On assure qu'à cette époque le nombre des travailleurs en paille atteignit le chiffre de 80,000, et que les salaires varièrent, selon la capacité et la dextérité des individus, de trois jusqu'à dix pauls par jour, c'està-dire de 1 fr. 68 à 5 fr. 60, chiffre qui, en Toscane, et rapproché du prix des subsistances à cette époque, constituait un revenu surpassant de beaucoup le nécessaire et suffisant même au luxe et à l'épargne.

La surabondance de richesse qu'une telle industrie versa dans le pays est aujourd'hui encore attestée par l'existence d'un grand nombre de riches et belles bourgades qui, vers cette époque, surgirent comme par enchantement au milieu de campagnes jusque-là désertes; tandis que la population de beaucoup d'autres doublait rapidement et que, durant le cours d'une seule génération, des familles de paysans, jusque-là misérables, s'élevaient tout à coup à l'état de bourgeois citadins, bien logés dans une coquette maison, fruit de leur travail et de leur économie.

Jusque-là, pourtant, l'industrie florentine s'était bornée presque exclusivement, du moins quant à ce qui concernait le commerce extérieur, à la production d'un seul article: c'était le chapeau dit fioretto dans le pays, c'est-à-dire le traditionnel chapeau de paille d'Italie, à forme ronde assez élevée, et à larges ailes flottantes et souples, que les paysannes et surtout les fleuristes de Florence portent encore, et qui, adopté un moment par la mode parisienne, s'était ensuite répandu dans les provinces et les campagnes de toute l'Europe.

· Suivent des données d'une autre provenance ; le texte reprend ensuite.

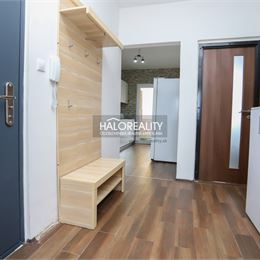Predaj, dvojizbový byt Považská Bystrica - ZNÍŽENÁ CENA - EXKLUZÍVNE HALO REALITY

Pendant longtemps encore il fut employé par les modistes de Paris et des autres grandes

villes qui l'adaptèrent à tous les caprices changeants des femmes élégantes. Alors, coupé, recoupé, ployé, transformé, il n'était plus reconnaissable que par la finesse de son tissu et les qualités inimitables de couleur et de régularité qu'il devait à la nature spéciale de la matière première. On vit à cette époque des chapeaux de luxe ou plutôt de caprice, atteindre aux sommes énormes de 200, 300, jusqu'à 500 fr. pièce. On peut dire qu'un exemplaire parfait pour la finesse, la nuance, la beauté sans défaut du tissu était sans prix.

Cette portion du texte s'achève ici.